Abstract:
Communications that are encrypted, such as HTTPS, TLS, and VPN, have become popular tools for ensuring privacy;
yet, they can be used for hiding malicious payloads, making intrusion detection more challenging. This study proposes a
machine learning framework for the classification of malicious encrypted communications using flow-based and temporal
characteristics. Public datasets containing network traffic captures were used for testing and validating the framework.

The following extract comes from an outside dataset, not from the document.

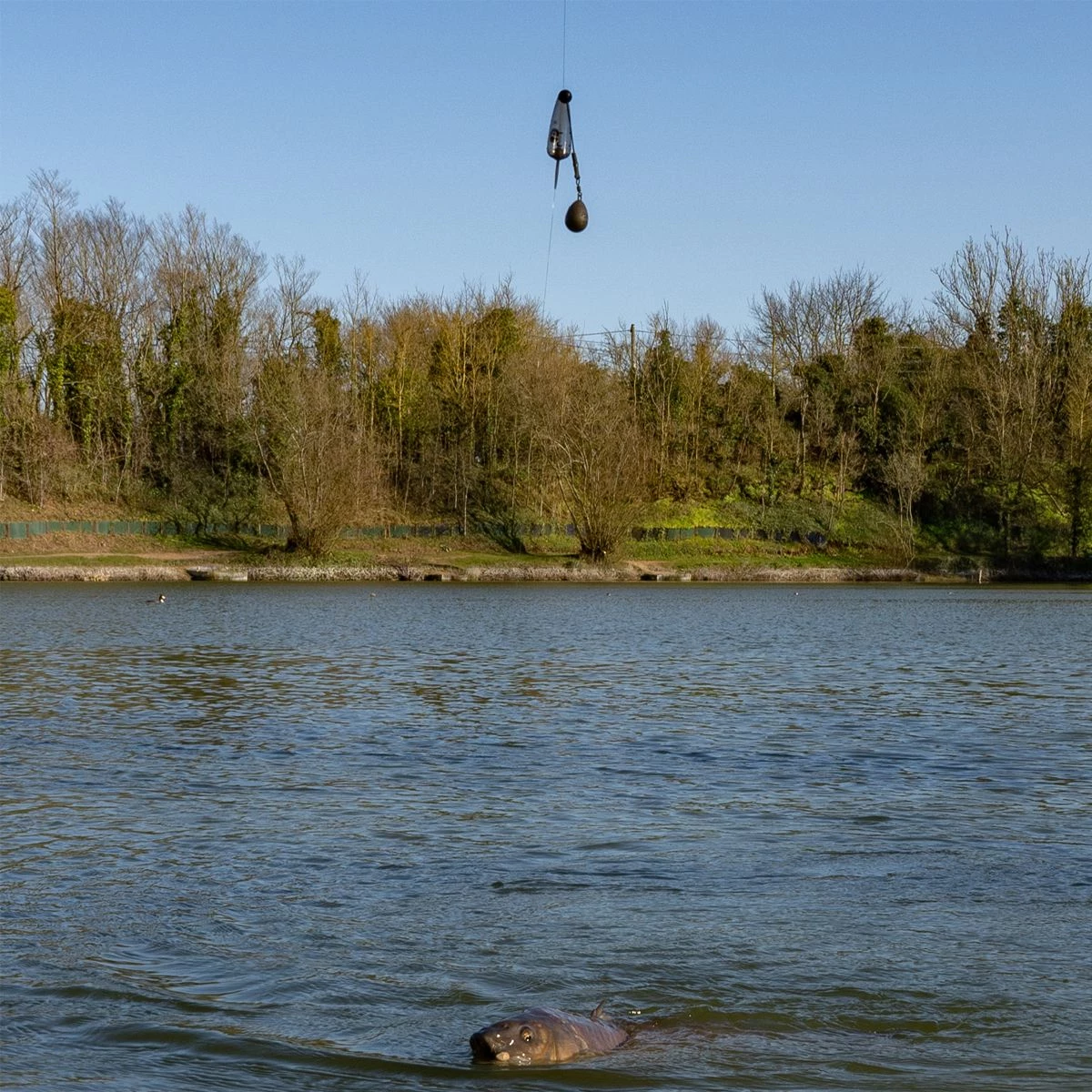 Cheap ๐งจ Korda Adjustable Zig Kit Terminal Tackle ๐ - Image 3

The benign and malicious flows were converted to flow-based features using Scapy and CICFlowMeter tools. Feature
importance was used to select the most important features for the framework. Three machine learning models were trained
and tested using the datasets: Random Forest, XGBoost, and linear Support Vector Machine (SVM). Stratified train/test
split, cross-validation, and family disjoint were used for testing and validating the models. The Random Forest model
was found to have achieved nearly perfect accuracy for both training and testing sets, approximately 100%, and a high
accuracy of approximately 92% using cross-validation. Overfitting was minimal for the Random Forest model, whereas
XGBoost was found to have overfitting issues and SVM had moderate accuracy, approximately 72%. This study suggests
that the proposed framework can be used for reliably detecting malicious encrypted communications, including those
that were not used in the training process. SHAP was used to analyze the explainability of the framework and identify
the most important flow characteristics that were responsible for the decision-making process. The proposed framework
is computationally efficient and was tested using real-world datasets, making it suitable for practical applications in
network security